THE HINDU SUNDAY MAGAZINE
April 29, 2007
by ANTARA DAS
Khola Baksho encourages creative writing among marginalised and underprivileged youth of Kolkata.
TALES of courage and inspiration hardly ever begin with food packets. This one, however, proved to be an exception, as one learnt at the launch of Khola Baksho (Open Box), a magazine meant to encourage creative writing among marginalised and underprivileged youth, who spend their lives in shelter homes, red light districts, urban slums and railway platforms.
“When poetry writing workshops initially started in our shelter home, I used to look forward to it more for the food packets than anything else,” said Uma Dutta, one of the 10 youth workers of “Kalam: Margins Write”, instrumental in conceiving, developing, editing and designing the magazine.
“Kalam: Margins Write”, is a wing of the NGO Daywalka Foundation, a U.S.-based NGO that fights trafficking in women and children for commercial sexual exploitation, with special focus on India, Nepal and Bangladesh. Kalam, a rights-based creative writing programme, empowers marginalised young people to script their own story instead of it being written and spoken from outside.
The idea of Khola Baksho manifested itself when Uma and other youth workers of Kalam, who had gone through a two-year period of reading, writing and composing poetry, decided that they must do their bit to bring other marginalised voices to the forefront.
So began the journey that saw the youth workers travel through the city as well as the outlying villages, the open box in their hands, urging young people in schools or shelter homes to write about themselves, convincing the uninitiated that in their fledgling efforts lay a world of possibility waiting to be discovered.
Often, the youth workers were turned away at the gates of the institution themselves. Sometimes, they were mistaken for vendors who were selling those boxes. But wherever they managed to deposit their box, they never came back empty handed. “After all, the urge to express our feelings is present in every one of us,” says Uma .

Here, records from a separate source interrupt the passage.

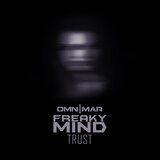Trust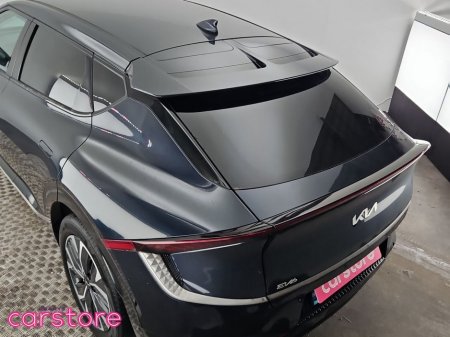 2022 Kia EV6 - thumbnail 15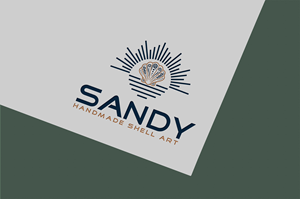 Diseño de Logo por Jubaidur Creative Designer para este proyecto | Diseño: #37026911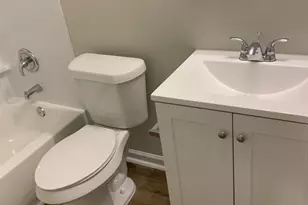 3600 Live Oak St, Houston, TX 77004 - Photo 10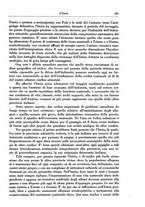 giornale/TO00184966/1927/v.2/00000349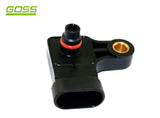 MAP Sensor Holden MP177 - Goss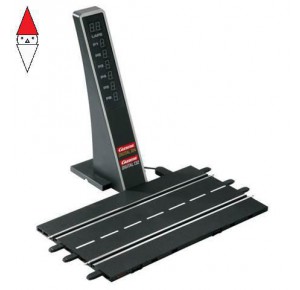 , , , CARRERA POSITION TOWER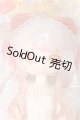 画像: LULUYA/交響詩 日輪ソナタ(シークレット) S-26-06-14-311-TO-ZS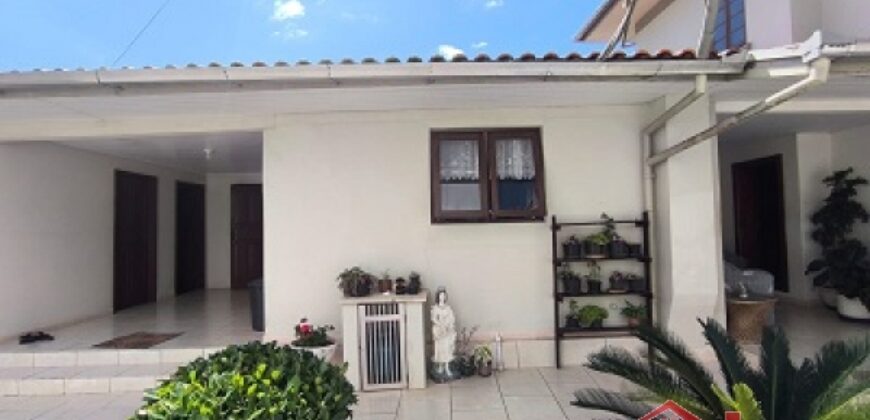 Oportunidade de Investimento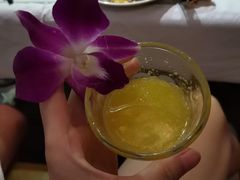 -胡桃里音乐酒馆(星湖北一里店)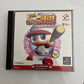 3x Jikkyo Powerful Pro Baseball 98,99,2000 Games +MGS Demo PlayStation PS1 JAPAN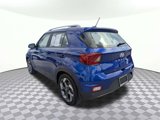 Used 2023 Hyundai Venue Limited image 5
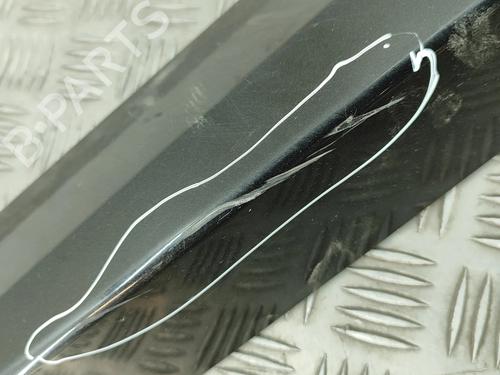 Venstre sidekjole NISSAN LEAF (ZE1) Electric | BP32088761C115 - Image 5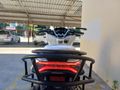 Sahibinden Honda PCX125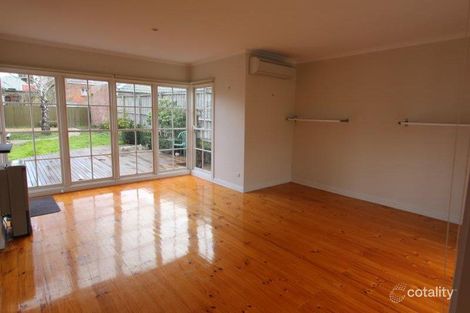 Property photo of 6 Lyons Street South Ballarat Central VIC 3350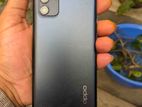 OPPO Reno 6 8/128 (Used)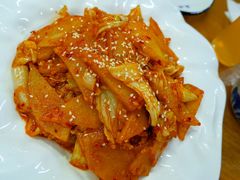 -顺姬冷面(长春旗舰店)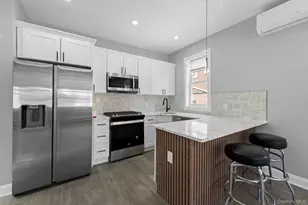 651 St Lawrence Ave, Bronx, NY 10473 - Photo 8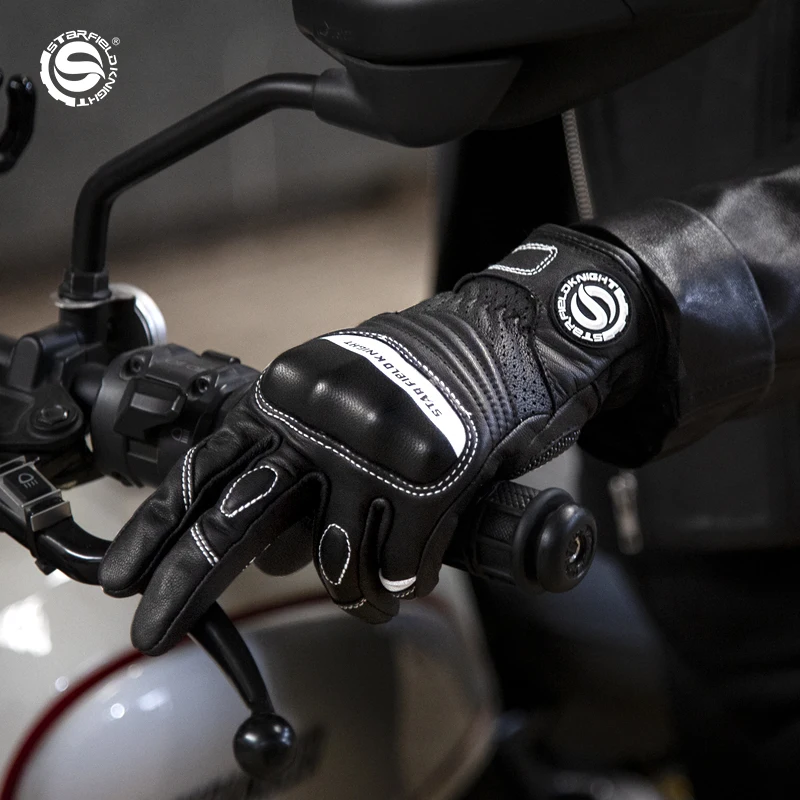 ���� ������� �尩, ���� ���� ���̽� �尩, ����� �¸� ���, ��ġ ��ũ�� ���� �尩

A strong sense of professionalism marked the approach of the youth workers involved in the production process. Mostly in their teens or early twenties, they devoted themselves to the production process, quickly becoming proficient in the use of software necessary to edit and compile the poems written in Hindi, Bengali and Urdu by these new and emerging writers.
“The youth workers, many of whom have a very traumatic past, were more professional and stricter about deadlines than any of us,” said Bishan Samaddar, Programme Coordinator for “Kalam: Margins Write”. The Daywalka Foundation financed the entire initiative.
At the official launch of the magazine on February 18, the youngsters who had contributed to the magazine read out their poems on the stage in front of an assembled audience.
While a poem by 13-year-old Bobby Makal explored the meaning of life (“What is life, a torn blank page that is carried away by the wind… “), another by Prakash Upadhyay, 14, recounted the memory of a previous love, ending poignantly with: “She left, and in her wake/she left behind her memories.”
What emerged, from the act of reading the poem as well as through the interactive session that followed, was that these young adults had well rounded ways of looking at their past and present and a lot of hope for their future.
So while Prakash wanted to become a radio jockey and Sarathi Khatoon wanted to involve herself in social work, Rahul Goswami was already a part of an aspiring Bengali rock band.
Kalam had initiated this programme as it had felt that the time had come when the margins started writing for themselves instead of waiting for someone outside to do the job.
But as Anindya Chattopadhyay, a youth icon and member of the Bengali rock band Chandrabindu, who had come to launch the inaugural edition rightly summed up, “Poets do not reside in the margins; where they reside is the fountain of creativity.”